Il avait été élu avec 19% des voix au premier tour, et avec seulement 50 000 voix d'avance au second. Président depuis le 6 juin 2021, porteur alors des espoirs de la population amérindienne déshéritée, Pedro Castillo, ancien instituteur issu d'une famille pauvre, a échoué et il a peut-être même fauté. Soupçonné dans six affaires de corruption, l'ex-président est accusé d'avoir tenté un coup d'État en voulant dissoudre le Parlement qui s'apprêtait à le chasser du pouvoir.
Cinq semaines plus tard, les manifestants ne réclament pas nécessairement son retour, mais ils veulent le départ de celle qui lui a succédé, son ancienne alliée et vice-présidente Dina Boluarte, ralliée à l'opposition de droite.

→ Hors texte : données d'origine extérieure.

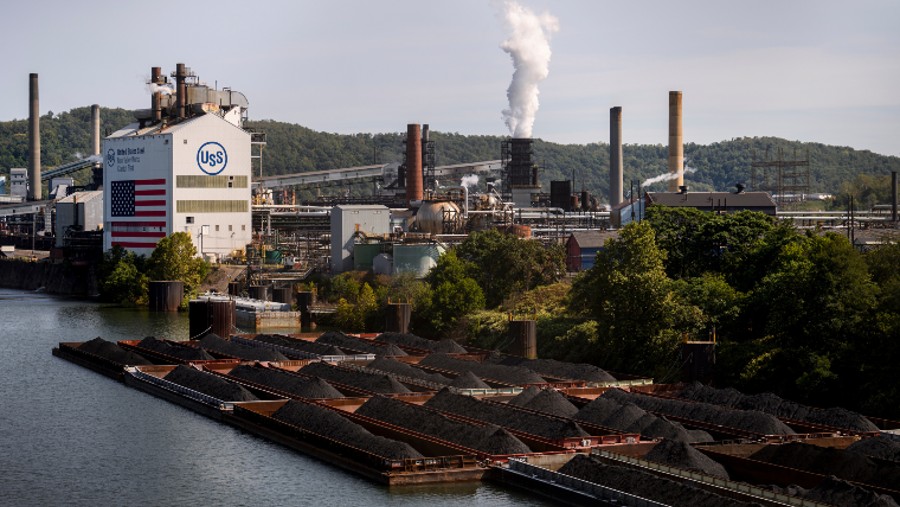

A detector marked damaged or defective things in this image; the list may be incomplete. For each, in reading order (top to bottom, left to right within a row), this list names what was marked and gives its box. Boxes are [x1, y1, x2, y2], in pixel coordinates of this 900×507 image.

rusty chimney [406, 124, 424, 205]
rusty chimney [608, 106, 624, 207]
rusty chimney [664, 89, 684, 192]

Les manifestants voient en elle une "traîtresse". Ils réclament aussi la dissolution du Congrès, tout-puissant au Pérou, et de nouvelles élections.
"Usage excessif de la force"
La première de leurs revendications est l'arrêt des violences policières. Au moins 42 manifestants sont morts depuis le début des barrages routiers et manifestations. La Commission interaméricaine des droits de l'homme (CIDH), qui a achevé vendredi 13 janvier une mission d'inspection au Pérou, a requis une enquête impartiale sur la répression des manifestations, estimant que des indices pointaient vers un "usage excessif de la force". Et Dina Boluarte fait l'objet d'une enquête préliminaire pour "génocide".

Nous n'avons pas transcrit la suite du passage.